Cette création est le pendant de l’accroissement de l’endettement, plus de 20 points de PIB, en moyenne au niveau des États de la zone économique.
La crise sanitaire amplifie l’endettement.
Face à cette situation, le maintien de taux d’intérêts très faibles s’impose encore plus. Tout relèvement des taux rendrait les débiteurs insolvables. La crise économique se muerait alors en crise des dettes publiques. Si l’inflation venait à ressurgir, les banques centrales pourraient être contraintes de relever leurs taux.
Les États d’Europe du Nord et l’Allemagne, en particulier, pourraient imposer ce relèvement contre l’avis des États d’Europe du Sud. À la tension économique financière qui en résulterait s’ajouterait alors une tension diplomatique.
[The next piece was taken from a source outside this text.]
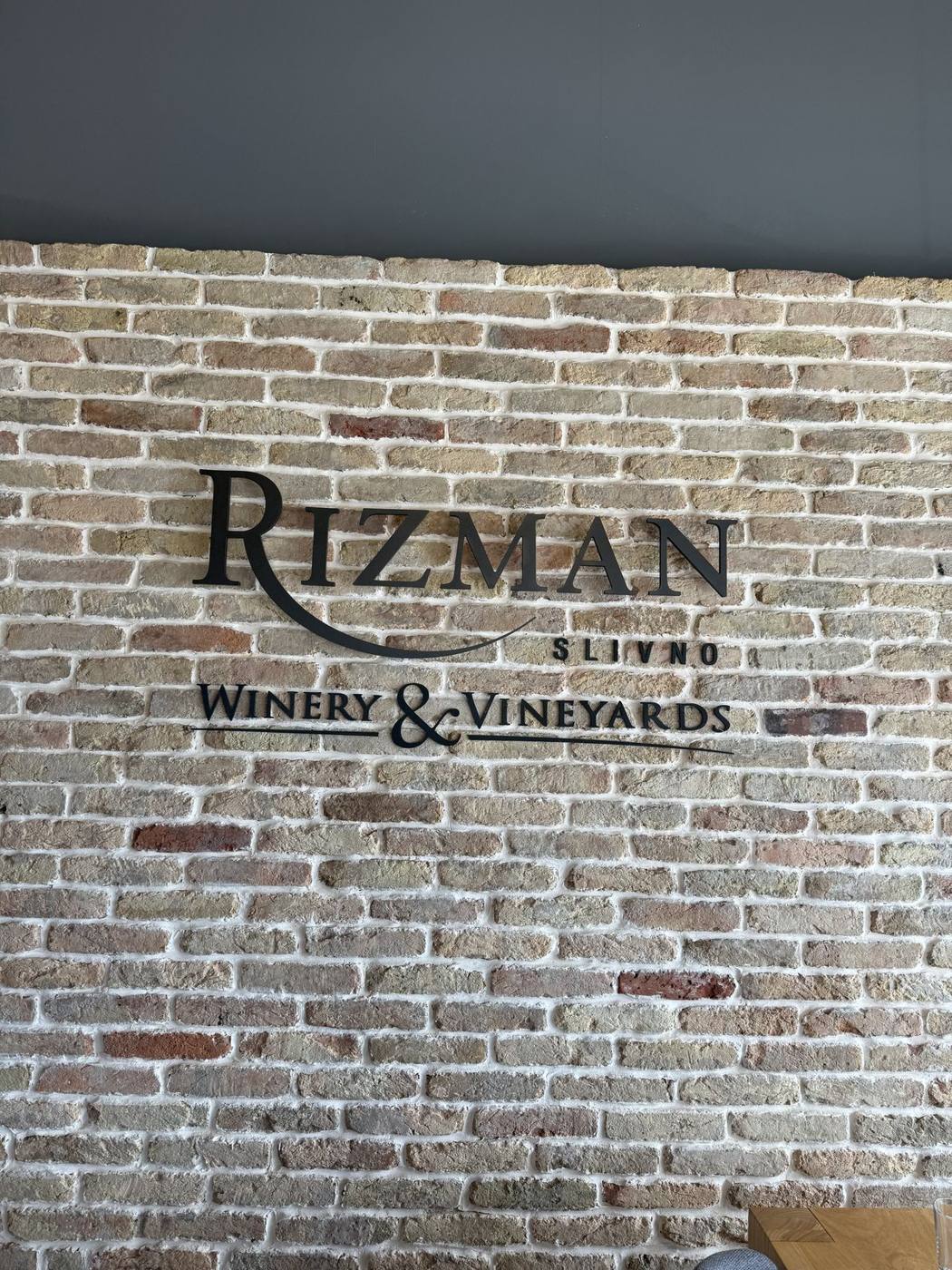 The Rizman Winery and Vineyards sign on a white brick wall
L’inflation aux abonnées absentes
L’expérience de la crise de 2008 a semblé prouver que l’augmentation de la base monétaire avait peu d’incidences sur l’inflation. De multiples raisons expliquent l’absence d’inflation. Du fait d’une aversion plus marquée aux risques, les agents économiques ont tendance à conserver des volumes de liquidités plus importants. Par ailleurs, la réglementation prudentielle (Bâle III ou Solvency II) a renforcé les exigences de fonds propres pour les acteurs financiers. L’augmentation de la valeur des actifs, actions et immobilier, contribue à masquer l’inflation. La forte concurrence avec le développement des services en ligne (e-commerce, plateforme de services avec la multiplication de l’offre) joue contre l’inflation. Après plus de trente ans de modération salariale, les revendications semblent se multiplier, notamment avec la crise sanitaire. Elles émanent essentiellement du secteur public. Si un effet de contagion se produisait, un regain d’inflation serait imaginable. Pour être supportable par les États, il faudrait que les banques centrales acceptent de ne pas relever leurs taux directeurs ; les épargnants seraient alors les principaux perdants. Si initialement, les taux d’intérêt bas étaient censés augmenter l’inflation, c’est désormais la faible inflation qui impose des taux bas.
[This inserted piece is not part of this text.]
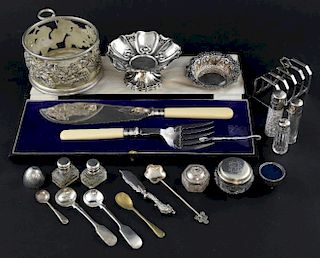 George V silver bon bon dish on foot, by Mappin & Webb, London, 1924, a five bar silver toast rack, an embossed silver bon bo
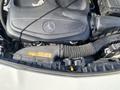 Engine compartment of a 2014 Mercedes-Benz CLA-Class showcasing the engine cover and air intake hose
La question de l’annulation des dettes publiques
Des voix se font entendre en faveur de l’annulation de tout ou partie de la dette publique détenue par les banques centrales. Les partisans de cette thèse considèrent qu’il serait plus simple de l’annuler. Cette décision est présentée comme ne portant pas préjudice aux créanciers à l’exception des banques centrales. Cette idée ne reçoit pas l’assentiment des pouvoirs publics. La BCE a indiqué clairement son opposition. Une annulation quelle qu’elle soit est assimilable à une banqueroute. Les investisseurs, autres que les banques centrales, pourraient considérer qu’ils seront les prochains sur la liste. Ils seraient amenés à réduire leur financement et à exiger des primes de risque plus élevées.
Toute annulation partielle entraînerait une augmentation des taux qui rendrait plus délicate la solvabilité des États.
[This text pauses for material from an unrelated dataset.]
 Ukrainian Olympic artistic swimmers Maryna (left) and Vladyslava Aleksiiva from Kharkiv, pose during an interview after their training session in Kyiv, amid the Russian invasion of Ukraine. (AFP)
Des taux bas pour longtemps
Le maintien des taux bas sur une très longue période semble s’imposer au nom de la solvabilité des Etats surendettés. Toute hausse provoquerait une crise des dettes souveraines de grande ampleur en concernant des États d’une taille bien supérieure à la Grèce. En revanche, les taux bas ne sont pas sans avoir des effets pervers. Ils réduisent la rentabilité des banques et des assurances. L’accès au crédit peut être rendu plus difficile car les banques ne disposent pas de marges en cas de défaut de paiement de leurs débiteurs.
Les taux bas jouent contre la croissance car ils permettent le maintien en vie d’entreprises non ou faiblement rentables. Ils contribuent à ralentir le processus de destruction créatrice cher à Schumpeter. En fonction des États membres de la zone euro, 3 à 10 % des entreprises seraient concernées. Les taux bas n’incitent pas à la bonne gestion et ne permettent pas une allocation optimale des ressources. Ces dernières années, les États mais aussi les agents privés ont recouru aux emprunts non pas pour financer des dépenses d’investissement supposés dégager un rendement mais des dépenses de fonctionnement.
Des bulles apparaissent au niveau des actifs.
Les facilités de financement conduisent à une demande accrue de biens immobiliers et à une augmentation des prix de l’immobilier qui pèsent sur le pouvoir d’achat des ménages et sur les coûts des entreprises. La valeur des actions profite de la baisse des taux, les investisseurs à la recherche de rendement optant pour ce type de placements.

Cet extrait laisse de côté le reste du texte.